“Adonai said to Moshe, “Tell the people of Israel, ‘On the fifteenth day of this seventh month is the feast of Sukkot for seven days to Adonai. On the first day there is to be a holy convocation; do not do any kind of ordinary work. For seven days you are to bring an offering made by fire to Adonai; on the eighth day you are to have a holy convocation and bring an offering made by fire to Adonai ; it is a day of public assembly; do not do any kind of ordinary work.”-Leviticus 23:33-36
We are in the midst of studying the 7-day Feast of Tabernacles, otherwise known as SUKKOT.
Notice that God calls the “1st day” and the “8th Day” (the day after the festival), to be “holy convocations“.

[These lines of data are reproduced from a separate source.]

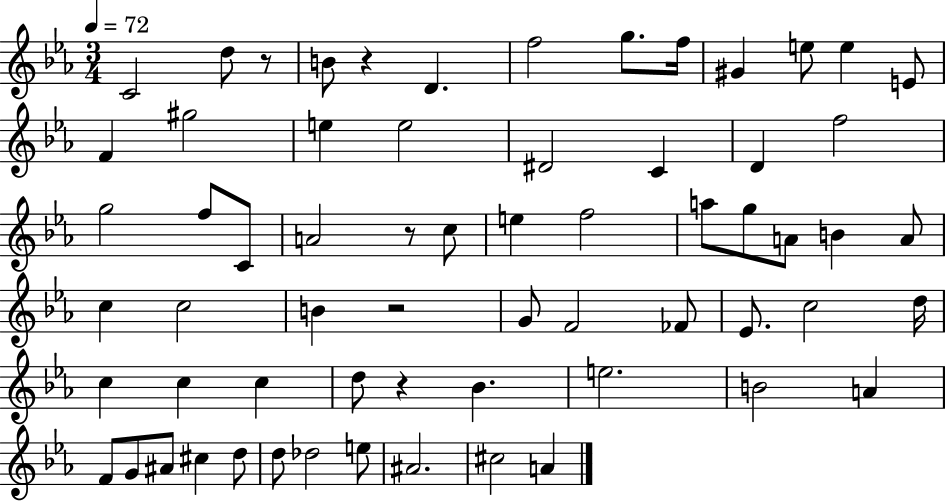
C4/h D5/e R/e B4/e R/q D4/q. F5/h G5/e. F5/s G#4/q E5/e E5/q E4/e F4/q G#5/h E5/q E5/h D#4/h C4/q D4/q F5/h G5/h F5/e C4/e A4/h R/e C5/e E5/q F5/h A5/e G5/e A4/e B4/q A4/e C5/q C5/h B4/q R/h G4/e F4/h FES4/e Eb4/e. C5/h D5/s C5/q C5/q C5/q D5/e R/q Bb4/q. E5/h. B4/h A4/q F4/e G4/e A#4/e C#5/q D5/e D5/e Db5/h E5/e A#4/h. C#5/h A4/q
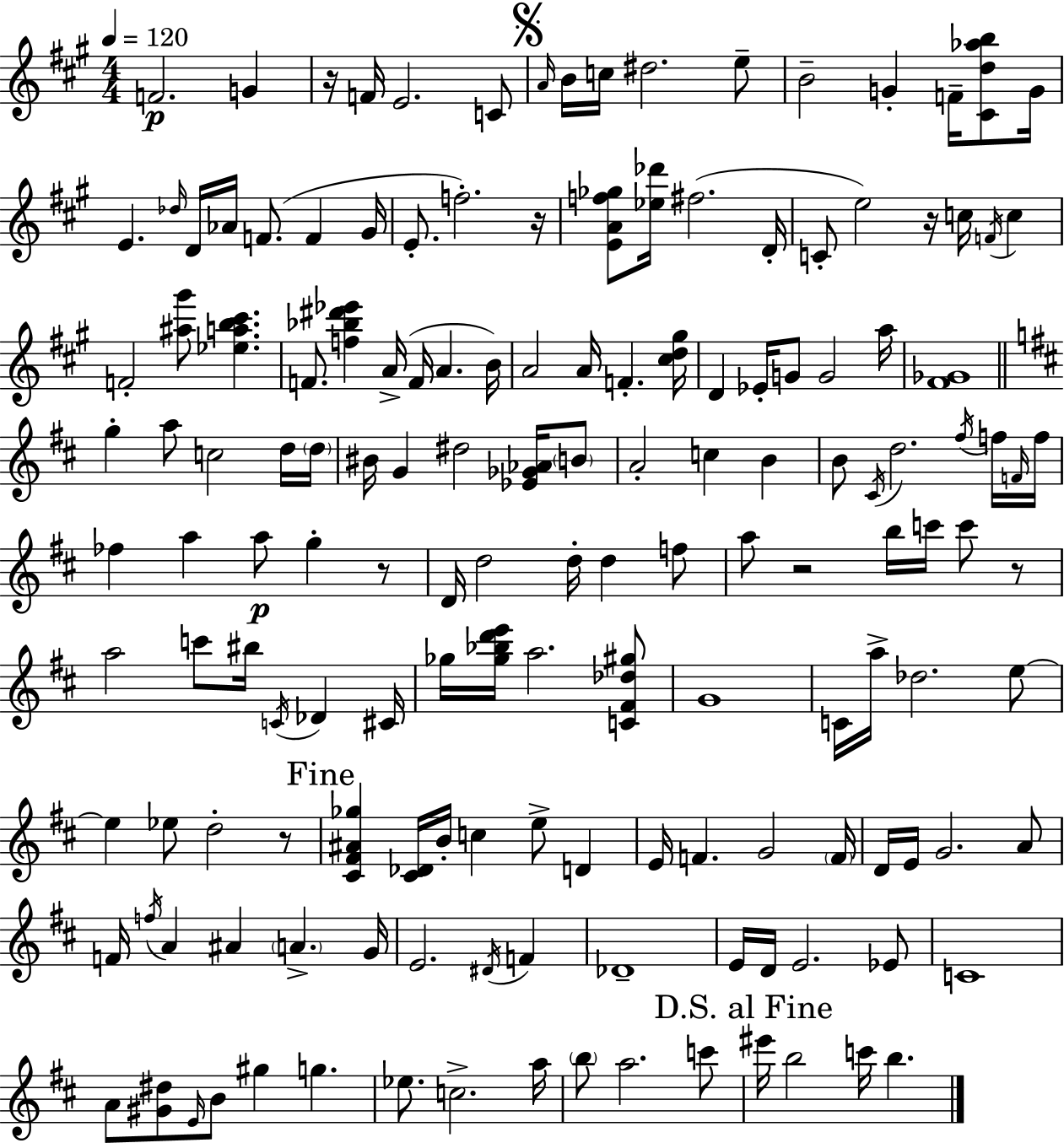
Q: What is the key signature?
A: A major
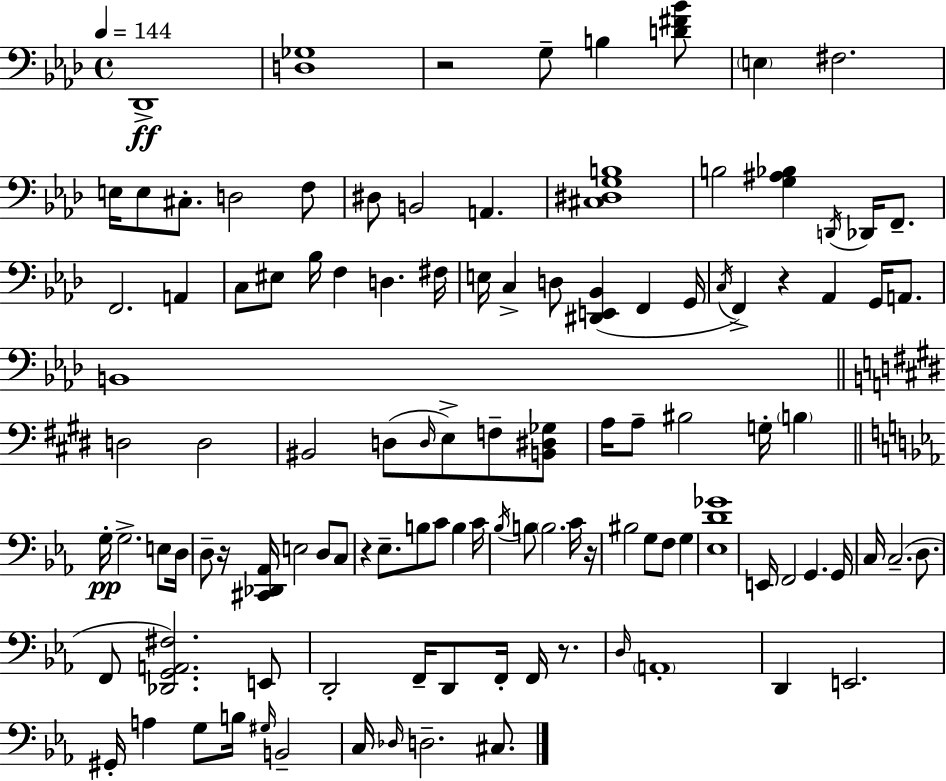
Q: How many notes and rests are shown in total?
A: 112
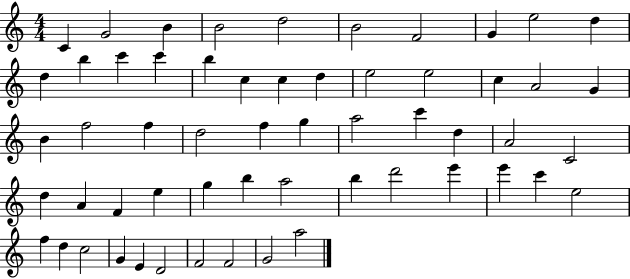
{
  \clef treble
  \numericTimeSignature
  \time 4/4
  \key c \major
  c'4 g'2 b'4 | b'2 d''2 | b'2 f'2 | g'4 e''2 d''4 | \break d''4 b''4 c'''4 c'''4 | b''4 c''4 c''4 d''4 | e''2 e''2 | c''4 a'2 g'4 | \break b'4 f''2 f''4 | d''2 f''4 g''4 | a''2 c'''4 d''4 | a'2 c'2 | \break d''4 a'4 f'4 e''4 | g''4 b''4 a''2 | b''4 d'''2 e'''4 | e'''4 c'''4 e''2 | \break f''4 d''4 c''2 | g'4 e'4 d'2 | f'2 f'2 | g'2 a''2 | \break \bar "|."
}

The NIV will use the term “sacred assembly“.
Now it is common among both Jews and Christians to refer to these holy convocations as “Sabbaths“.
However, this can be misleading because they are NOT the regular 7th day weekly Sabbaths.
And in fact, the original Hebrew Torah uses a completely different word than SHABBAT to refer to these non-7th day sabbaths.
In Hebrew, these holy convocations are called KODESH MIKRA.
It is because these KODESH MIKRA require that normal work be abstained from that over the centuries the word “sabbath” has been adopted to refer to them.
This is unfortunately an error and poor scholarship that has led to much confusion.
There is a difference between A Sabbath (KODESH MIKRA) and THE 7th day Sabbath (SHABBAT) and we should be aware of this difference when reading the Scriptures lest we fall prey to ridiculous doctrines that say we can make God’s ordained 7th day sabbath any day we want.
Moving on, in terms of the sacrifices, SUKKOT is much different than the other feasts.
SUKKOT requires that sacrifices be brought to the Temple every single one of the 7 days of the Feast!
We’re told the following three kinds of sacrifices were called for:
OLAH (Burnt Offering)
MINCHAH (Grain Offering)
ZEVAH SHELAMIM (Peace Offering)
Having to bring these offerings was both expensive and physical laborious.
But in spite of this, SUKKOT was considered to be one of the most enjoyable feasts.
The takeaway here is obvious.
We should take great joy in observing God’s commands.
Not only because we will be blessed.
But also because there is great joy simply in the DOING, in the OBSERVING of God’s HOLY commands.